* [Exercise objective]: The answer should hold only the lines from the one containing "Сиденье для унитаза" through the one containing "- Meska.hu Halloween" in the entries below, copied exactly, without pictures.

* [Data]:
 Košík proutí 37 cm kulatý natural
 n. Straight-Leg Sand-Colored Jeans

...

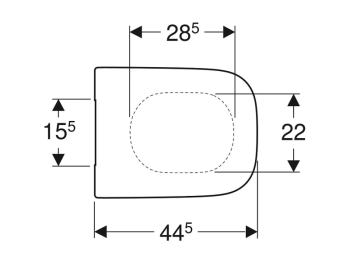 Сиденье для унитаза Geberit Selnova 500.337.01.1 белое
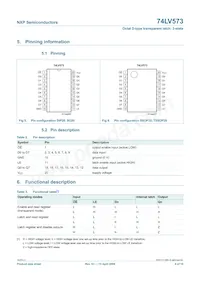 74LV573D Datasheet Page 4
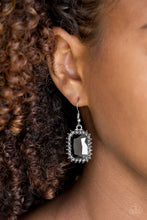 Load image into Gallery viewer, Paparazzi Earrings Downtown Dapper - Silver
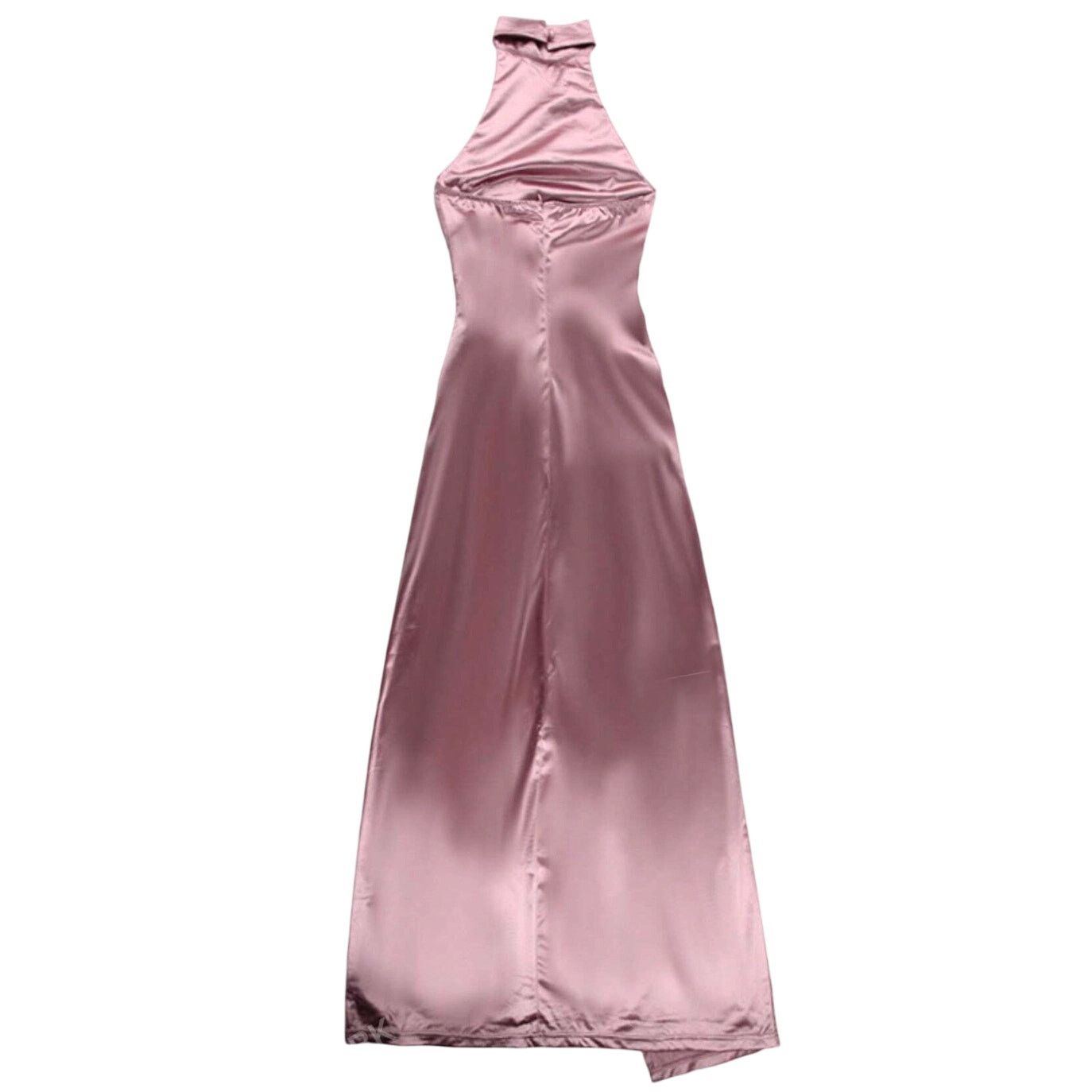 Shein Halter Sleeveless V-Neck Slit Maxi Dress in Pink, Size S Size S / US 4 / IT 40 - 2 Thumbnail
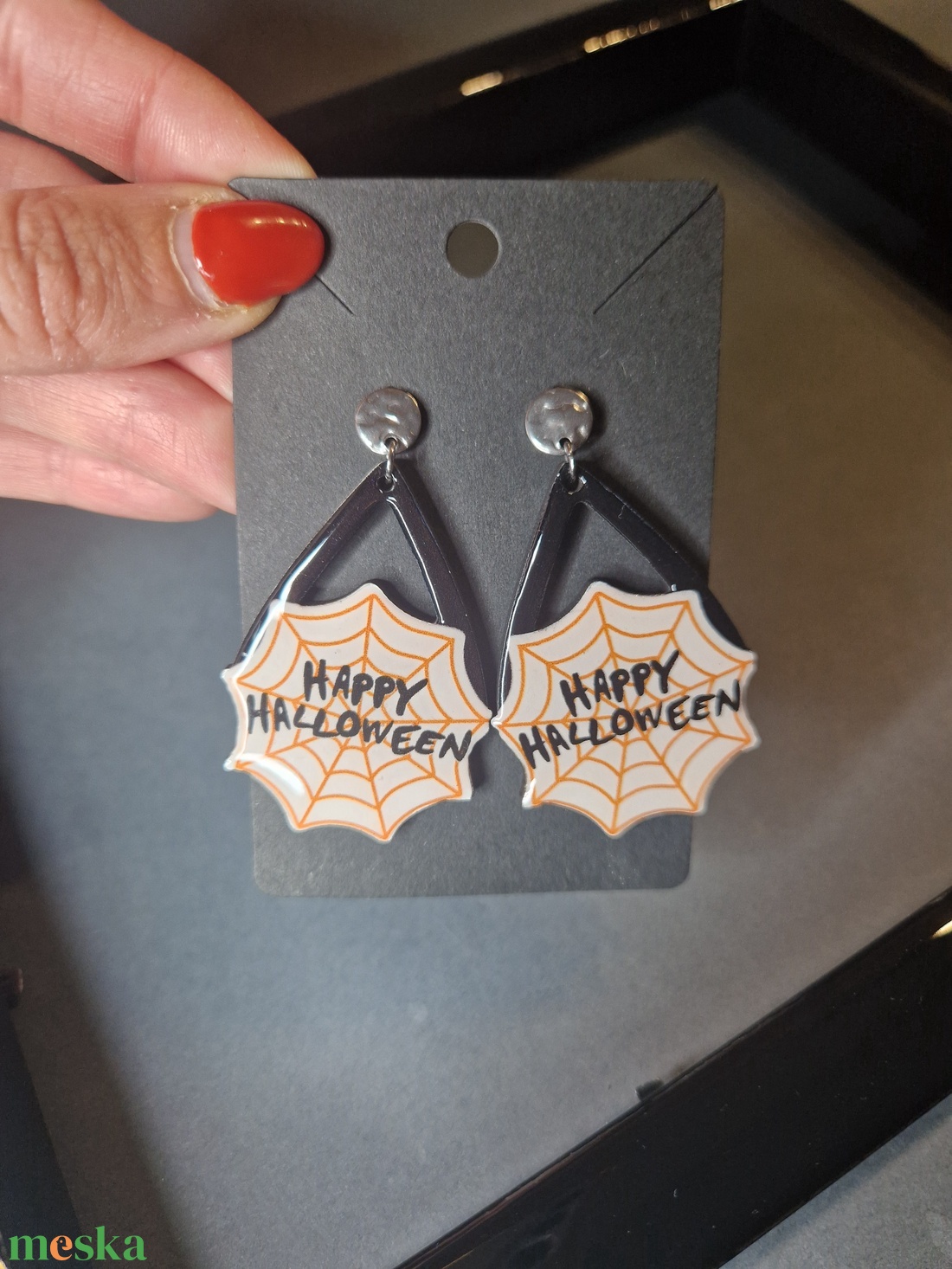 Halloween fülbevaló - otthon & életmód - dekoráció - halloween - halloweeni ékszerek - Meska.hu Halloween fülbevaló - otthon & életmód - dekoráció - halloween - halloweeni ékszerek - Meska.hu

==

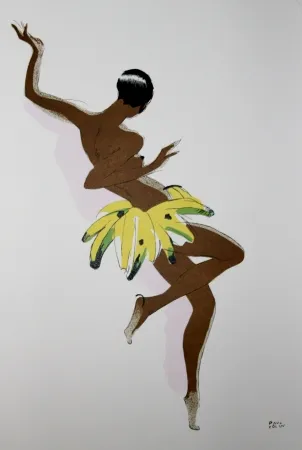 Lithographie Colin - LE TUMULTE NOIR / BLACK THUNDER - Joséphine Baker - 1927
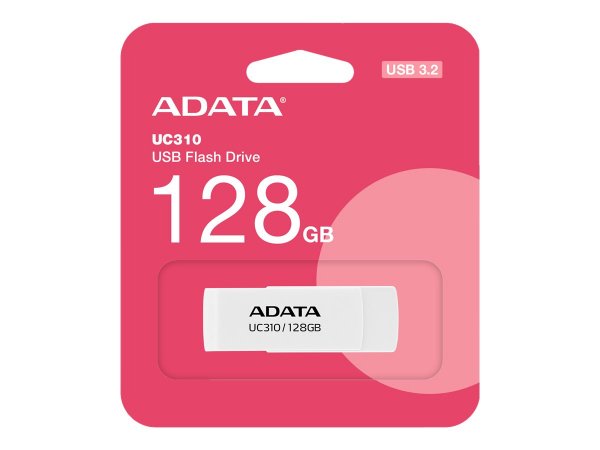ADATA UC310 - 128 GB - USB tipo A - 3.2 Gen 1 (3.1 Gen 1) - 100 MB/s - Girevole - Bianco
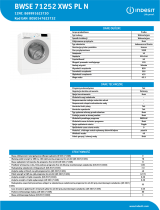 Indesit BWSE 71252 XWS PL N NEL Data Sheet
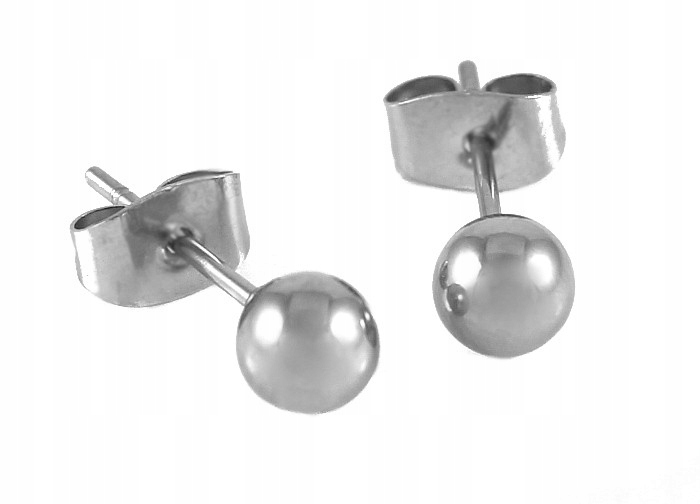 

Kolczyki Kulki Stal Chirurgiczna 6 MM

* [Exercise answer]:
 Сиденье для унитаза Geberit Selnova 500.337.01.1 белое
 74LV573D Datasheet Page 4
 Load image into Gallery viewer, Paparazzi Earrings Downtown Dapper - Silver
 Shein Halter Sleeveless V-Neck Slit Maxi Dress in Pink, Size S Size S / US 4 / IT 40 - 2 Thumbnail
 Halloween fülbevaló - otthon & életmód - dekoráció - halloween - halloweeni ékszerek - Meska.hu Halloween fülbevaló - otthon & életmód - dekoráció - halloween - halloweeni ékszerek - Meska.hu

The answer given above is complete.